Não é um tratado, não é um ensaio, não é uma abordagem científica da homossexualidade. Está completamente errado, ou poderia estar certo; tem - ou não - que ver com a própria experiência do autor. Não sei, não me interessa. É uma tese artística, é um motor ficcional. Constrói um romance que nos entra no sangue. É quanto basta.
2 comentários:
Maurice realmente é um daqueles romances que facilmente "nos entra no sangue". De uma escrita belíssima, Forster consegue criar (con)textos com os quais qualquer pessoa se pode identificar, de múltiplas formas.
Conviria, penso, contextualizar o romance na sua época, o que a meu ver o torna ainda mais rico. As contingências políticas e sociais ditaram o nascimento e subsequente esconder do romance, publicado após a morte de Forster. É dedicado a dias melhores, em que Maurice e Alec possam viver livremente o seu amor e terem o seu final feliz; por isso Forster os libertou da melhor forma que pôde.
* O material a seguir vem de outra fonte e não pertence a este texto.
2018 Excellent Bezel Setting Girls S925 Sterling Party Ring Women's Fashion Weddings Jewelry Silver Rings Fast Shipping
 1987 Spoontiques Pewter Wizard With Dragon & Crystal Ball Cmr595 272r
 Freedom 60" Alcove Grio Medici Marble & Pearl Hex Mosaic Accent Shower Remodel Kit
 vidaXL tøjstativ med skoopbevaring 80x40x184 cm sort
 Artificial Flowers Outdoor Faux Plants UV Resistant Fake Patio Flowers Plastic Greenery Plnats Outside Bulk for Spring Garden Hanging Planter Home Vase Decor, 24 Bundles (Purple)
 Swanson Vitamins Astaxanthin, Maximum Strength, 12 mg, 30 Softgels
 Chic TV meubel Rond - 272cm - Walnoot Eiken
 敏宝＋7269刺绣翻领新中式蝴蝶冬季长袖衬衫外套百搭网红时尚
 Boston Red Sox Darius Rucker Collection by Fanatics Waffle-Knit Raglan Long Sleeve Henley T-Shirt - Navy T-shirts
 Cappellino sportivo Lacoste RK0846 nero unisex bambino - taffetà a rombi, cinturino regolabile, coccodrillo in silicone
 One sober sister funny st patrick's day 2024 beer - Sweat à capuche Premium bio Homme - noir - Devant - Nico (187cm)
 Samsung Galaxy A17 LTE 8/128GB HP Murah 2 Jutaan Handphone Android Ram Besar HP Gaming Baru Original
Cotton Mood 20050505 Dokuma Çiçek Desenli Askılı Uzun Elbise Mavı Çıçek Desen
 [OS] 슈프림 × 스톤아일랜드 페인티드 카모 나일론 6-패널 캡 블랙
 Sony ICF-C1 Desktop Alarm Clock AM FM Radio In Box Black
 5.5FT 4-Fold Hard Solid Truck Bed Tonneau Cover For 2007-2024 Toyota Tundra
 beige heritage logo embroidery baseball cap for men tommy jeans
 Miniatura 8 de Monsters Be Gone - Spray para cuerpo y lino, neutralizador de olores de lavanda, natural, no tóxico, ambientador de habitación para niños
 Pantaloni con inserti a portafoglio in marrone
É um dos primeiros finais felizes do género.
Igualmente, Clive não deixa simplesmente de ser homossexual... mas aí talvez a adaptação cinematográfica seja mais óbvia neste sentido. Neste caso, as imagens realmente falam volumes, e o som é um som muito triste.
Obrigado, Dan, pelas importantes achegas contextualizadoras. Tem toda a razão, elas são importantes. Não vi o filme - e nada sabia acerca dele, vou pesquisar: é de quando? de quem? -, e assumo sem qualquer dificuldade que a minha leitura foi muito rápida (eu diria voraz), sem se deter nos meandros e em ilações fundamentais. Voltarei a Clive - admito que haja mais do que o óbvio que eu expus num breve post. Volte sempre, gostei muito do seu comentário.